Both Greg and I repeatedly poured over Tiffany’s Instagram…our hearts aching for poor Michael. At times, I even felt ashamed of myself for having the audacity to pity myself by calling myself fat, or ruminating on the 22 pounds I put on—I mean, c’mon. There are people who have REAL struggles and my biggest issue in my life is at times I think I am fat?! What in the actual hell is wrong with me?!
Michael’s mother posted to her Instagram about his upcoming surgery—a fat transplant procedure that would help restore some symmetry to Michael’s face. She discussed an online giveaway she had entered with the hopes of winning a Nintendo Switch to give Michael for Christmas. Tiffany went on to discuss in her post that her husband was trying to work overtime to afford the pricey console. It was then when Greg turned to me and said, “I want to buy Michael the Nintendo Switch.”
There was no hesitation, and no discussion needed. Immediately, I responded, “Great. So buy it.”
Greg reminded me that we’d be spending money on a complete stranger and that spending this kind of money would have its repercussions; but we both didn’t care. This was the right thing to do, just like the many others that have done the right thing/s for us. Finally, it was our turn to pay it forward.
To me, money is just that—money. If something I have can alleviate the pain and suffering of someone else, then so be it. Seeing Michael open his Nintendo Switch on Christmas…knowing that Greg and I were able to do something truly altruistic this holiday season was all the thanks we both needed. We knew buying Michael that Nintendo Switch was money well spent.

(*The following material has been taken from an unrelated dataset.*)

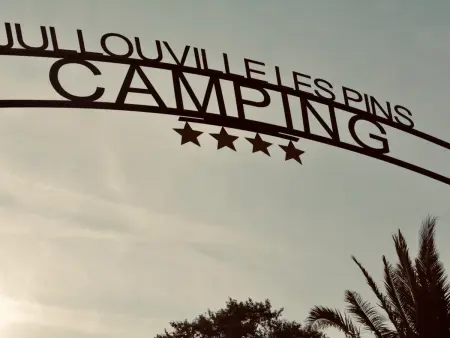 Mobil-home Luxe à Jullouville: 200m plage, piscine chauffée, 4 pers, parking, Wi-Fi inclus - Photo 8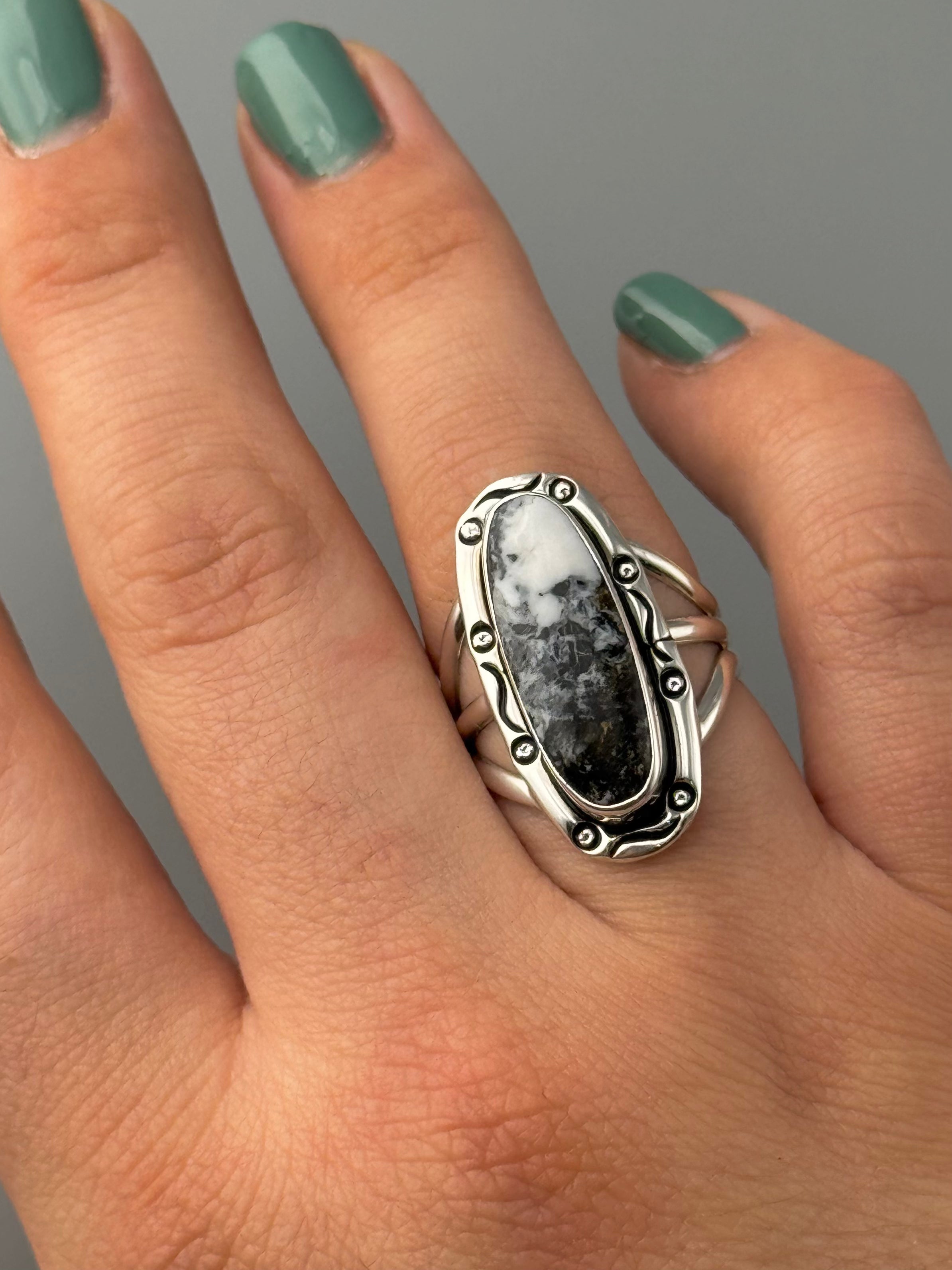 •WHITE BUFFALO TURQUOISE - SMUDGE• Navajo silver ring (size 7.5)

In looking back, to say I lived a lifetime this year would be an understatement. Filled with lots of good, some bad, and few very ugly parts; I need to say that Greg’s diagnosis has come as a blessing in disguise. Greg has been entrusted to be the face of this little-talked about and very rare autoimmune disease. Greg’s diagnosis inspired him to head back to school for a Master’s in Public Health so that he can help others afflicted with autoimmune conditions. We have collectively fundraised thousands of dollars to help in Scleroderma research and patient advocacy. And as of yesterday, Greg officially registered for the LA Marathon and will be running to raise awareness and funds for Scleroderma!
Yes, there isn’t a day that doesn’t pass that I do not look at my husband and worry about his health. There are times where my eyes well with tears in a collective sadness, lamenting for my husband’s lack of mobility, range of motion, and incredible discomfort in his body. Nothing about Greg’s daily life, or mine for that matter is, nor will remain easy—and that’s ok! Personally, I wouldn’t have it any other way. For it is only through trials and tribulations does one truly cultivate perseverance, wherewithal, and character.
So, while we may not have had a choice in what 2017 dealt us when Scleroderma chose us; in 2018 it will not define us. There is no time to be sad, worry, and feel bad for ourselves as that won’t change anything. The only way I see my year and moving grandly into 2018 is by taking action. We won’t stop, and can’t stop.